One of the most difficult times is when you are broke (when you don’t have money). Your friends, relatives, and colleagues distance themselves from you. That’s the nature of life. How should you handle brokenness?
Never try to resolve brokenness by borrowing. Borrowing money to solve brokenness is like sending yourself into a long-term prison. You will never live your life in peace because you will end up borrowing from Loveness to Peter, from Daniel to Rodney until you can’t borrow any more.
Once you find yourself in a situation where you don’t have money or in a negative, you need to think smart and reduce your cost of leaving as much as you can. I call this a dry season where you live on your lowest minimum and use means of saving that are not comfortable. Where you need to travel, if possible, walk, have one meal a day, avoid social gatherings, and spend money.
Some time ago, a certain man called Terence approached me with a sad story. Terence was in debt.
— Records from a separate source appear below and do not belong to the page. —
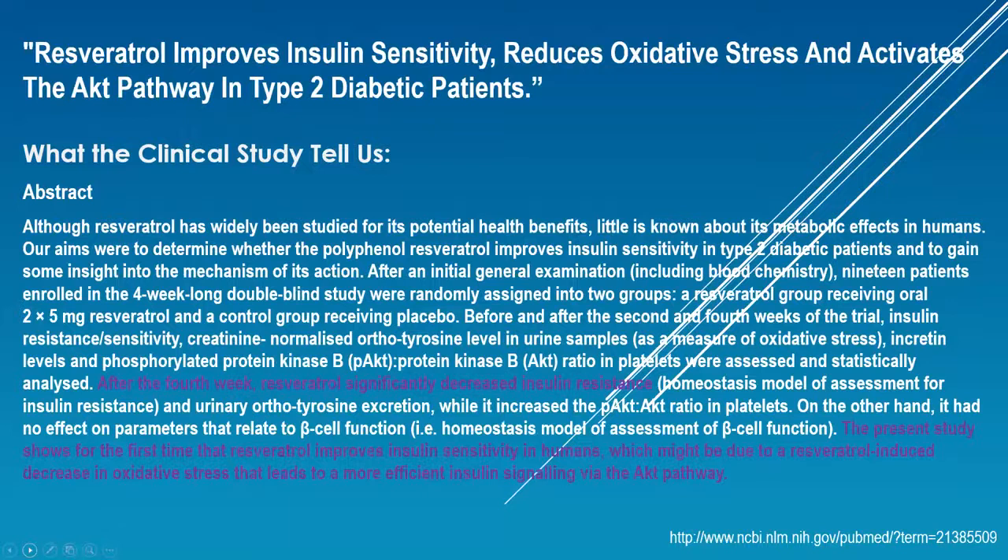You can see resveratrol is being studied for a number of different things. This next one is on insulin sensitivity. Resveratrol improves insulin sensitivity, reduces oxidative stress, and activates the AKT pathway in type 2 diabetic patients. After the fourth week of using the resveratrol supplement, resveratrol significantly decreased insulin resistance — this is extremely important for people who are diabetic. This study shows for the first time that resveratrol improves insulin sensitivity in humans, which might be due to a resveratrol-induced decrease in oxidative stress that leads to more efficient insulin signaling via the AKT pathway. Diabetes is affecting a huge percentage of the population in North America and around the world — in fact, with the Southeast Asian population, the World Health Organization calls it a world health crisis.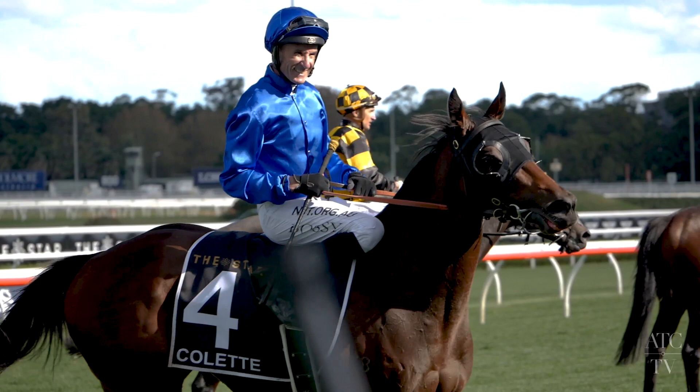It was great morale being able to get a Group 1 over the Carnival, which is such a highly competitive two months in Sydney racing. We had the elements of the COVID virus and we had wet tracks for three or four Saturdays in a row. Everyone was in the same boat, but it was hard work.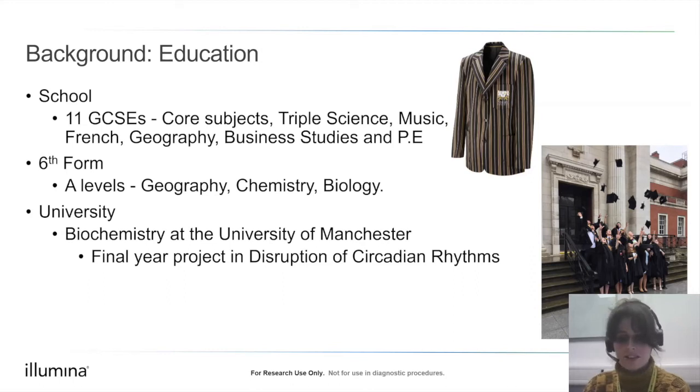It was in a biology lesson that I realised I wanted to do biochemistry — we were learning about the biochemistry behind photosynthesis and I thought if I could find plants interesting, I must like biochemistry. I applied to the University of Manchester, where I did my final year project on disruption of circadian rhythms — looking at gene expression in flies when their sleep cycle was shifted by one hour, which produced an interesting result.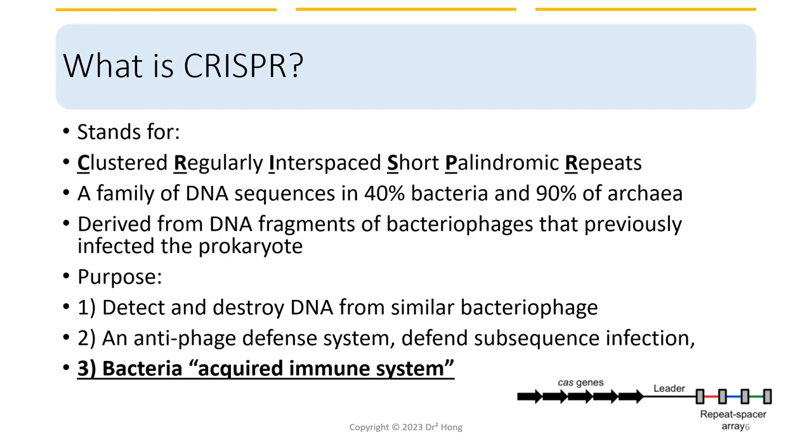So what is CRISPR? CRISPR stands for Clustered Regularly Interspaced Short Palindromic Repeats, which are short repetitive DNA sequences found in the genomes of about 40% of bacteria and 90% of archaea. The CRISPR gene editing system is derived from a natural defense mechanism found in some bacteria. When bacteria are attacked by bacteriophages, they use the CRISPR system to capture and store short pieces of the foreign invader's DNA sequence. These short pieces are then used to recognize and destroy future invading bacteriophages by guiding Cas protein to cut out the DNA of the invader. Essentially, the CRISPR system is the bacteria's acquired immune system.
It only started when he borrowed money to buy a car and then struggled to pay back the money.
He was earning $700 per month, but at this time, it was no longer sufficient to sustain his normal upkeeping. When the lender came harder on him for repayment of the loan, which was accruing interest every month. He went and got another loan elsewhere to pay off his current loan, so this became a system. To make matters worse, he was now borrowing from anyone. His friends, relatives, and colleagues were to a point when it was out of hand. He was owing a number of people, and he couldn’t manage anymore. He sold his car, but the money was not even enough to cover his debts.
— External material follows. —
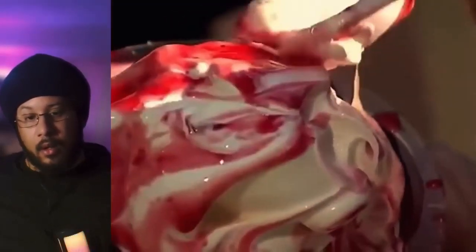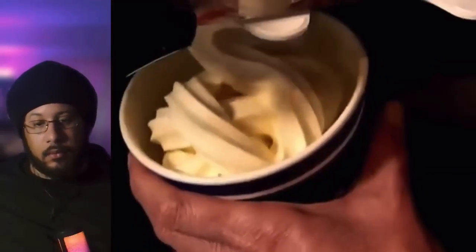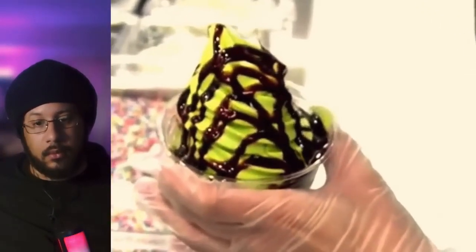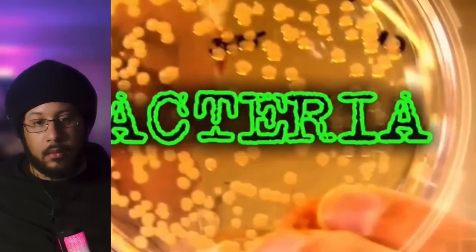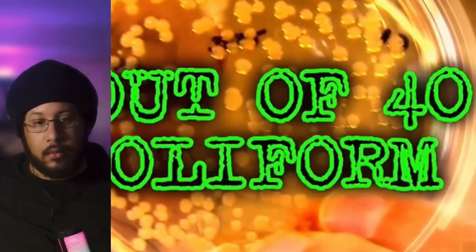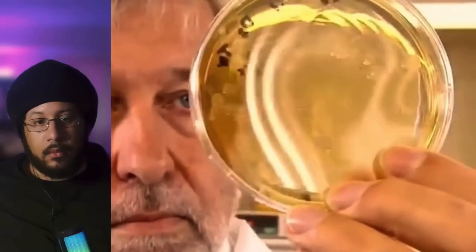We wanted to know just how sanitary your soft serve ice cream and yogurt is, so we did some testing. We took samples from 40 places in the Seattle area, from fast food chains to independent shops, and had them tested for bacteria. Nine out of 40 samples had elevated levels of coliform, a critical indicator of an unsanitary condition, which by itself does not necessarily cause illness.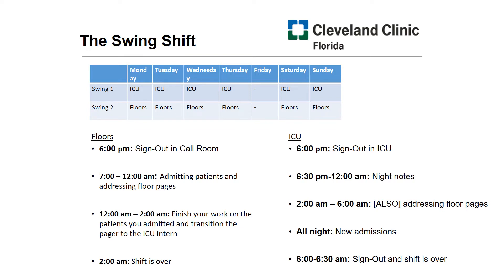Now switching over to the ICU intern. This intern is also coming in at 6 p.m. and will receive sign out from the day team. From 6 p.m. to 6 a.m., you're going to be admitting patients — the ICU never sleeps. You're admitting patients all night for the next 12 hours. You'll be doing night notes from 6 to midnight, addressing floor pages when the floor intern leaves from 2 a.m. to 6 a.m. as the pager transitions to you, and addressing ICU admissions during your entire shift. Around 6 to 6:30 a.m., after you sign out to the day team, your shift is over. Then you start it all over when you come back at 6 p.m. the next day.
He came to me very stressed and shared his story with me. I listened carefully and saw that he was really in a bad situation.
I said to him, “Terence, I want you to work this out on your own because you have a source of income that you have.” First, you must communicate with the people you owe and ask for a reasonable monthly figure for a repayment plan. We worked on a proposal that left him with a small portion of his salary for upkeeping.
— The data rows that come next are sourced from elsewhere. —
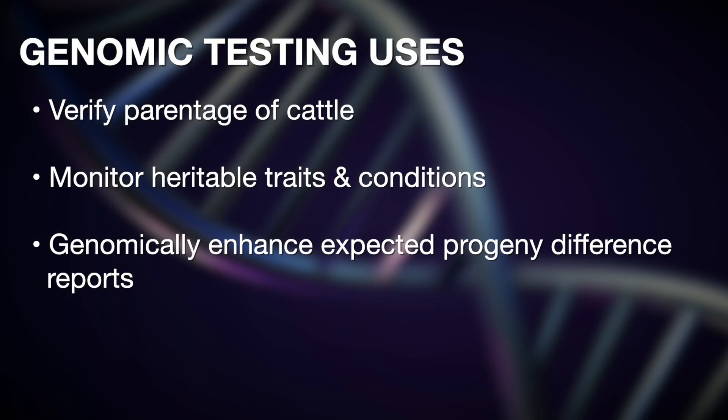What are the three things we can basically learn from DNA typing or submitting DNA? We can verify parentage. We can take a look at simply inherited traits that are controlled by one pair of genes at one locus. Think of things like the horn-polled condition in cattle, coat color inheritance, and even some of the genetic defects that we've identified over the years.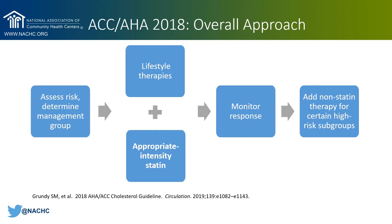After we initiate therapy, we want to monitor the patient's response to therapy, and then for certain people who are not experiencing an LDL reduction that we would like to see, we may consider adding non-statin therapy as well. That is not included in this presentation. I'm going to focus primarily on determining risk groups, appropriate intensity statin treatment, and monitoring patients' responses.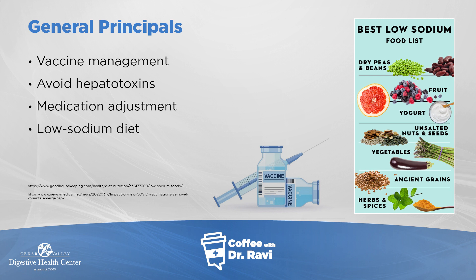Avoiding hepatotoxins — things that are injurious to the liver — is important. These are mostly in the category of drugs such as NSAIDs: ibuprofen, naproxen, Aleve, Advil. Other drugs processed through the liver can sometimes be processed more slowly, so we need to think about that. Any kind of recreational drugs can also affect the liver, so those things need to be considered.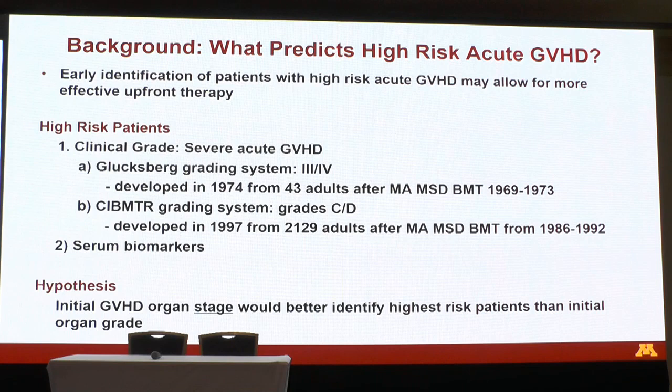Similarly, the CIBMTR grading system, albeit based on over 2,000 patients, was designed after examining patients who received myeloablative matched sibling bone marrow transplants from 1986 to 1992, where severe GVHD is often called grade C or D. Biomarkers are being developed to determine who has high-risk GVHD. We hypothesized that if we looked at the individual initial organ stage at onset, we'd better be able to identify high-risk patients versus just looking at the overall grade.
I helped him design a proposal letter to his creditors. Asking for a scheduled payment plan that stretches for about six months and some three months.
He was afraid to submit the letters because he felt like he had violated their agreement. I gave him courage until he submitted it.
Now, I helped him step by step to make sure that he sticks to the plan. Pay his debts on time as agreed. Not borrowing any money from anyone. Live a very simple life. He had to do this for almost eight months. I was monitoring him more often.
By the end of 8 months, we reviewed, and he had paid off all his debts. He was a free man. Now his $700 salary was enough for him to do the things that he liked. I told him never to borrow again, especially from this small microfinance that puts a high-interest rate and stiff conditions that once you borrow from them, you will never breathe.
I told him to always save if he wanted to buy something. You save first, and when the money is enough, you purchase what you want. Not the other way around. You can’t spend the money that you have not received.
The day you start spending the money that you have not yet received is the day you say goodbye to your financial freedom.
There is no other formula; you work, you save, you buy.
Not that you buy, you work, you pay. This is a dangerous formula. Don’t do it.